The court notes that what the parties dispute on this motion is the commencement date. The parties do not indicate the date that Namdor started operating the supermarket at the premises. Rather, the parties focus on whether the commencement date was May 1, 1988 or October 13,1988 and each calculate the credit expiration date from those dates respectively. Thus, as the parties are silent as to the date when the supermarket opened for business and do not argue that that date is the operative date, the court determines that the credit expiration date is the 180 days after the commencement and not the date that Namdor started operating the supermarket.

Additional Charges

Pursuant to paragraph 63 of the Lease, Boulevard seeks attorneys' fees in connection with its first and second counterclaims.
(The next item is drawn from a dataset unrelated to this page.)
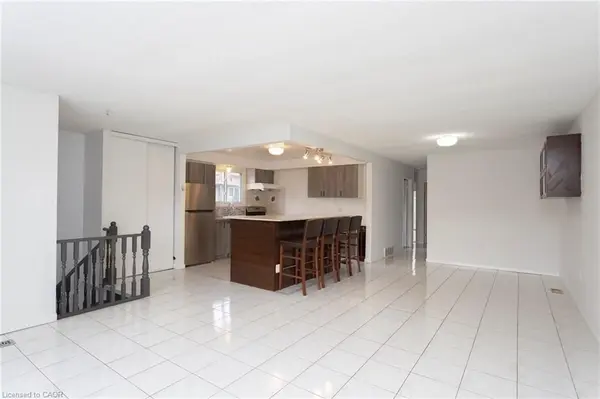 2303 Malcolm CRES, Burlington, ON L7P 4G8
Paragraph 63 (d) provides that Namdor is to indemnify and hold Boulevard harmless for "any and all claims arising from or in connection with . . . (d) any breach or default by Tenant in the full and prompt payment and performance of Tenant's obligations under this lease; together with all costs, expenses and liabilities incurred in or in connection with each such claim or action or proceeding brought thereon, including, without limitation, all attorneys' fees and expenses." (NYSCEF 104, Lease at 39.)
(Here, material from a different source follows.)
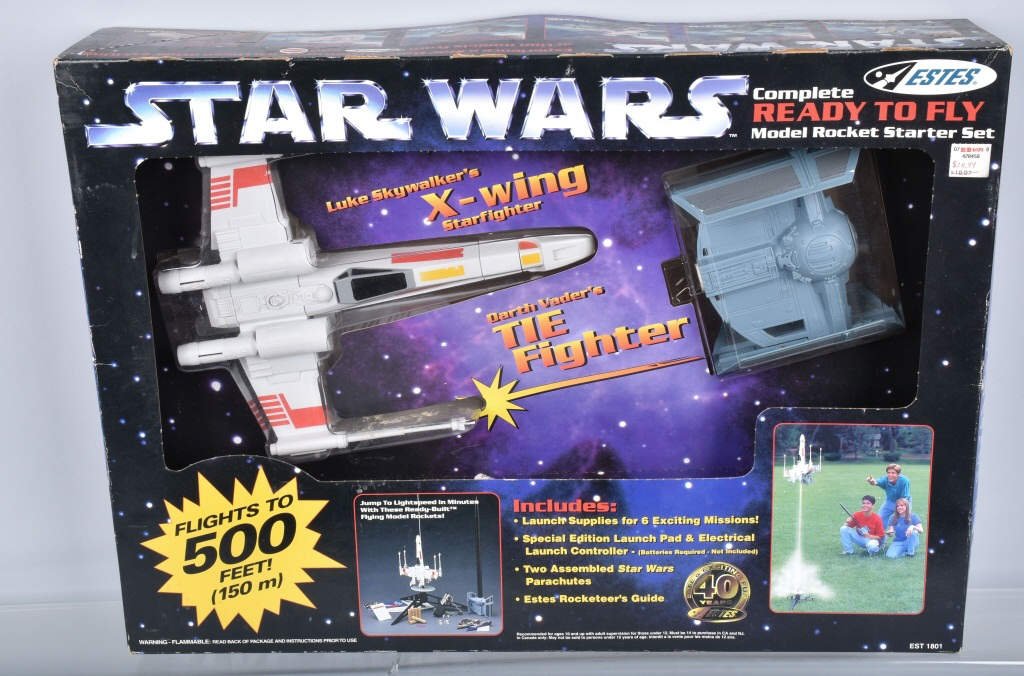 ESTES STAR WARS MODEL ROCKET STARTER SET (1 of 2)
Boulevard's third counterclaim seeks indemnification pursuant to paragraphs 63 and 19 of the Lease for costs and expenses, including attorneys' fees, to remediate the cooling tower issues and code violations. (NYSCEF 75, Amended Answer with Counterclaims at 28-30.) On this motion, Boulevard seeks to sever its third counterclaim for a later determination.

"When a party is not under any legal duty to indemnify, a contract imposing an obligation to indemnify 'must be strictly construed to avoid reading into it a duty which the parties did not intend to be assumed.' Thus, the intention to indemnify must be 'unmistakably clear from the language of the promise.'" (Needham & Co., LLC v UpHealth Holdings, Inc., 212 A.D.3d 561, 561 [1st Dept 2023], quoting Hooper Assoc, v AGS Computers, 74 N.Y.2d 487, 491-492 [1989].)

Here, the language of paragraph 63 (d), provides that Boulevard shall be indemnified for claims arising from Namdor's breach or default under the Lease. While other sections of this provision address third-party claims, section (d) clearly refers to intra-party claims. "[T]he indemnification provision here does not pertain 'only' to third-party claims but applies to both intraparty and third-party claims under separate and distinct provisions." (Shah v 20 E. 64th St., 198 A.D.3d 23, 43-44 [1st Dept 2021].)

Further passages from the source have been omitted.